Local educators react following Tennessee Senate passing school voucher bill

Thursday afternoon, the Senate passed a version of Governor Bill Lee’s controversial Education Savings Account or ESA Voucher Plan.

The Senate version would send an estimated $7,300 yearly to eligible students in Davidson and Shelby counties to use to pay for private schooling.

But despite opposition from Tri-Cities educators, local senators voted in favor of the voucher program.

“Basically it’s just a foot in the door to expand it statewide,” said Joe Crabtree, a Teacher and President of the Johnson City Education Association.

The Superintendent of Kingsport City Schools says they would rather see that money go towards the needs of public education. 

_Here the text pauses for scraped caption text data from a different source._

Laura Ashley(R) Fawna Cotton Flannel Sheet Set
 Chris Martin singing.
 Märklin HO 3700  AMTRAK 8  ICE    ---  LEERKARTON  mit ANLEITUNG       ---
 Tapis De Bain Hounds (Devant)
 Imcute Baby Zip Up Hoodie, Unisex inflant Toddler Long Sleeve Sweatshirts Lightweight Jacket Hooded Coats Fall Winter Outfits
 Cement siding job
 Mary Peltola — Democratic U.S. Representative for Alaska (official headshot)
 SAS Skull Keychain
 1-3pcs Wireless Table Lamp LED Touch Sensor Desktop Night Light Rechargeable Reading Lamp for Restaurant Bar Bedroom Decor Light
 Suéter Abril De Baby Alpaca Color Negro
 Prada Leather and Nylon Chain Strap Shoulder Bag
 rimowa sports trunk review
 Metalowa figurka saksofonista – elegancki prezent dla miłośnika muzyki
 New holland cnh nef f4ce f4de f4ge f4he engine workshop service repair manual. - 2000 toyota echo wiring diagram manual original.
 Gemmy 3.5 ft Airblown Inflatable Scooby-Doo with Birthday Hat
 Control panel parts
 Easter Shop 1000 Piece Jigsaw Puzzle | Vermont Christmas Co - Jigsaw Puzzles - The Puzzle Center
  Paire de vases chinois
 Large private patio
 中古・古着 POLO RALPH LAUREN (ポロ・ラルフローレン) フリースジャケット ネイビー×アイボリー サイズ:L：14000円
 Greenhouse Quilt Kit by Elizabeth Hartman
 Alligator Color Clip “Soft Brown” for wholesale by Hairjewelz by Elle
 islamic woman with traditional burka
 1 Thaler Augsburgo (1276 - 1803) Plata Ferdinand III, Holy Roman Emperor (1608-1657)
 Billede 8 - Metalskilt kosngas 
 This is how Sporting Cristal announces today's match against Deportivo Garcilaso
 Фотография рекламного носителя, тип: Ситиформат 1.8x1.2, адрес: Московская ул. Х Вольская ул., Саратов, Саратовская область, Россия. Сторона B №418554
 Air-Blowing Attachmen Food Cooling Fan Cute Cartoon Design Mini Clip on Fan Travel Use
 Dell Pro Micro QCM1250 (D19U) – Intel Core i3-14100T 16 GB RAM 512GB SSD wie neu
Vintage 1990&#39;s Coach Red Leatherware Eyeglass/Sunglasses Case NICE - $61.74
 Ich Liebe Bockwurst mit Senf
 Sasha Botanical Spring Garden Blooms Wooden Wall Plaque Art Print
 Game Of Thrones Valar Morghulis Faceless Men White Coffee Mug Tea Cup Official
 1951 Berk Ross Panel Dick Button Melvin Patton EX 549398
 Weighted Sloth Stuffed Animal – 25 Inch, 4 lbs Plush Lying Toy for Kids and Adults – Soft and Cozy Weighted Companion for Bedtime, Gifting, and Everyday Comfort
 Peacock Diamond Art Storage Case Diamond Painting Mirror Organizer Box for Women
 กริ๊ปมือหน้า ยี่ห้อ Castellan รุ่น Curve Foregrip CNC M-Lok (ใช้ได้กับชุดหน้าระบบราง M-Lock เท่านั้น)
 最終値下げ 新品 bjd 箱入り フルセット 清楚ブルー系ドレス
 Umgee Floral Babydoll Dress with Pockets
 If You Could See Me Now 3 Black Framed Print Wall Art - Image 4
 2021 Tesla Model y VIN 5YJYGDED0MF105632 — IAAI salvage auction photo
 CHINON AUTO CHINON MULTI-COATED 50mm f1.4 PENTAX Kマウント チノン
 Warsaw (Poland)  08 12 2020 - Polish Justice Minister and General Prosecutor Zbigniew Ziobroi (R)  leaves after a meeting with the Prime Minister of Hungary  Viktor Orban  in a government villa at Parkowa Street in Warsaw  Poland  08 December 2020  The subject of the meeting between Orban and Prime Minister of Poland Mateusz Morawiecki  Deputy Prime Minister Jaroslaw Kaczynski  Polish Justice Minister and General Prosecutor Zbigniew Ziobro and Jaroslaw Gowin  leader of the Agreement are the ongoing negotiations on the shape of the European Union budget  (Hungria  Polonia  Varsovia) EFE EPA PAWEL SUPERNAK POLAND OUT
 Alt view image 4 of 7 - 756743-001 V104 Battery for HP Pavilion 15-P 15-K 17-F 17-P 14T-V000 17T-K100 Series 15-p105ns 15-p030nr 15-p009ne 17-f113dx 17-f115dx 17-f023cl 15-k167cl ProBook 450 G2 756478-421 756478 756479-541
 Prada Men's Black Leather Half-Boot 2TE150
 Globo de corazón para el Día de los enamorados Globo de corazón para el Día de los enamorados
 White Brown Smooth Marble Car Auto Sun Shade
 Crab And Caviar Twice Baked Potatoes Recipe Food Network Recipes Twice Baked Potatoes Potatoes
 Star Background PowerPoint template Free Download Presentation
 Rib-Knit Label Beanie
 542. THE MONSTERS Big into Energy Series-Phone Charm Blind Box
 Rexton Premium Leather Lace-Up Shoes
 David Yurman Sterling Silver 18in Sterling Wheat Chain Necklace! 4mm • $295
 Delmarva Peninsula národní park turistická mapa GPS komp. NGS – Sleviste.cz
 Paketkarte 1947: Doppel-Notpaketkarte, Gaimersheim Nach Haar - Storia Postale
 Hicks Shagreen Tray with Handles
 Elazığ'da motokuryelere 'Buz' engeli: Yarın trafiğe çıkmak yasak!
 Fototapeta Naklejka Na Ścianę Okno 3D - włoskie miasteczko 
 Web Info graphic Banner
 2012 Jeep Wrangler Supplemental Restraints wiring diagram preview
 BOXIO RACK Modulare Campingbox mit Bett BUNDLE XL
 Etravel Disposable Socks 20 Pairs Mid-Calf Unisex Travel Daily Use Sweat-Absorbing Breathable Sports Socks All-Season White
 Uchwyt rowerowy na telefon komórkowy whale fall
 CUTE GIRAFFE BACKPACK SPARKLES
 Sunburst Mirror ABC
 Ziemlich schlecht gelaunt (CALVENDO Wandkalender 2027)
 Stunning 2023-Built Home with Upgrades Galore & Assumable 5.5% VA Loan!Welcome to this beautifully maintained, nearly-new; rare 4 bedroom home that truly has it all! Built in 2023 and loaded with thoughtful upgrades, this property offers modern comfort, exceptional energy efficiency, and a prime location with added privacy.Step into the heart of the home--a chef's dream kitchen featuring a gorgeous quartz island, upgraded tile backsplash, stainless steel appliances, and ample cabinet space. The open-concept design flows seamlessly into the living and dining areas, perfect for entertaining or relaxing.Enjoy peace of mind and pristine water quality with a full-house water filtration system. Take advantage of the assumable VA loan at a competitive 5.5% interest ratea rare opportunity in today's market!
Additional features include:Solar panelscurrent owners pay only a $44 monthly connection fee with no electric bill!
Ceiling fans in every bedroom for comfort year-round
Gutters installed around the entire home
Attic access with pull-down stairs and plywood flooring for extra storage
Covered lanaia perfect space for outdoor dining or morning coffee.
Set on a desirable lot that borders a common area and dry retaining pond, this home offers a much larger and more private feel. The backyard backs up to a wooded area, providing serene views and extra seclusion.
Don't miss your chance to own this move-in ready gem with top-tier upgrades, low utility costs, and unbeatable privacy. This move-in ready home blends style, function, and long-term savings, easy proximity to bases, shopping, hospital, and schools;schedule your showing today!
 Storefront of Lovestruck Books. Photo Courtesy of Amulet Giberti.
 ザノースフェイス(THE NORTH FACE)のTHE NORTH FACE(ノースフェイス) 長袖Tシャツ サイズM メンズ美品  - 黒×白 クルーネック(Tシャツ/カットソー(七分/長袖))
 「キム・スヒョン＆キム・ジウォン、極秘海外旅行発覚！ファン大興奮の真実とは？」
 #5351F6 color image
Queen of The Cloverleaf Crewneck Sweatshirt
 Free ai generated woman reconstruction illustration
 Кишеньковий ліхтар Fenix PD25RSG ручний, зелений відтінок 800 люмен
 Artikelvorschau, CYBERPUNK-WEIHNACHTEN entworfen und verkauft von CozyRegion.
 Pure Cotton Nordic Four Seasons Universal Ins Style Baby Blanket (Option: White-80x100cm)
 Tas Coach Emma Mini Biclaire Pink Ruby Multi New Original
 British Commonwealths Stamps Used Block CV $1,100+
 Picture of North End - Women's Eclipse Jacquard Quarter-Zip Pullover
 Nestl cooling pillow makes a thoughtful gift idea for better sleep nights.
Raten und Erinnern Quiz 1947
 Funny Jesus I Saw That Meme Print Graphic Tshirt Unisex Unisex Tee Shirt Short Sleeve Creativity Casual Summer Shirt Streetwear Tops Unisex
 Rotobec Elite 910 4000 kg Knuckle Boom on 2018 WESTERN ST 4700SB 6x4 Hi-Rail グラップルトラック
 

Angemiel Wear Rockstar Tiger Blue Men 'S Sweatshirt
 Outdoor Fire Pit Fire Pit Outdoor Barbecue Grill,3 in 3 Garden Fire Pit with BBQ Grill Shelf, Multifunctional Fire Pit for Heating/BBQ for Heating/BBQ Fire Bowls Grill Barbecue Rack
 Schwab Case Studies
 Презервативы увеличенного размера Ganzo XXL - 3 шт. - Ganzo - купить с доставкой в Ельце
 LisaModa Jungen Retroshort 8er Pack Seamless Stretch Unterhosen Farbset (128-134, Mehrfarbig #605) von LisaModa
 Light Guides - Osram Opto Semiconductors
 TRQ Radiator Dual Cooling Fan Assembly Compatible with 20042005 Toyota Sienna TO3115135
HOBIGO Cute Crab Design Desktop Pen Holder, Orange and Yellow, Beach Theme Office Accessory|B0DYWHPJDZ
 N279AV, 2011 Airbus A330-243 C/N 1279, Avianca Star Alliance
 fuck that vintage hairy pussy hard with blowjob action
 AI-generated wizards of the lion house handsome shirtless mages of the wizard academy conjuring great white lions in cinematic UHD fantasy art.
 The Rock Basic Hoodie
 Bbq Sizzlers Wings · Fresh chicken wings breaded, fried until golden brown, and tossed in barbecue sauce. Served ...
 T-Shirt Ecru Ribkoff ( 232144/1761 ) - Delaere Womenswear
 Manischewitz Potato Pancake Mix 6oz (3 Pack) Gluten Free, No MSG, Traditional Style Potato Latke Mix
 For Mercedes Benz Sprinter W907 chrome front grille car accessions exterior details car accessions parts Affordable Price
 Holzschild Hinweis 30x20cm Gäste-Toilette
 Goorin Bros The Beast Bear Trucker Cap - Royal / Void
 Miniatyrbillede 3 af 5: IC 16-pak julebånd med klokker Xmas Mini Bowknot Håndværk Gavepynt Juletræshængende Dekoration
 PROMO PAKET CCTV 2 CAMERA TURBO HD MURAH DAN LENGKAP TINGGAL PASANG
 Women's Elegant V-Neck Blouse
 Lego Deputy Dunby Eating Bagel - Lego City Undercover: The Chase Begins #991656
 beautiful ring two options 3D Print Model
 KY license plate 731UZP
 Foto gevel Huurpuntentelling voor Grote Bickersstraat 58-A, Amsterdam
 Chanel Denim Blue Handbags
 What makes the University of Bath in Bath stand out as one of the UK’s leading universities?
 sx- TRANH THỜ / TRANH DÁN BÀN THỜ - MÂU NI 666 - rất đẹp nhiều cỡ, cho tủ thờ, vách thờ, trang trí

“There’s lots of uses for those funds that would be very useful if they were made available to us locally,” said Jeff Morehouse, Superintendent of Kingsport City Schools. “It’s disappointing to hear that.”

One teacher at David Crockett High School took the day off and went to Nashville to hear the Senate vote in person.

“I grew up very poor and public education saved my life and I feel an extreme obligation to protect it,” said Jamie Freeman. “They sold out to special interest against the desire and demand of the constituent.”

Educators in the region say they feel like thier voices are not being heard. The Kingsport City Schools school board held a called meeting and passed a resolution opposing vouchers on Tuesday night. They sent that resolution to local lawmakers in hopes that they would vote no.

Both Senators Rusty Crowe and Jon Lundberg voted in favor of the bill. They say they voted because they wanted to improve the lives of children in Davidson and Shelby County.

“Well candidly we don’t have any failing schools in Northeast Tennessee period,” Sen. Jon Lundber said. “We really have solid schools, so I don’t think those folks should be concerned.”

“This is not a solution to fixing our failing schools, but it is a piece of this puzzle that will allow some of these children to move up and progress,” Sen. Rusty Crowe said.

The House and Senate will meet in what’s called a conference committee to resolve major differences in the legislation and the final version of the bill will face a another vote.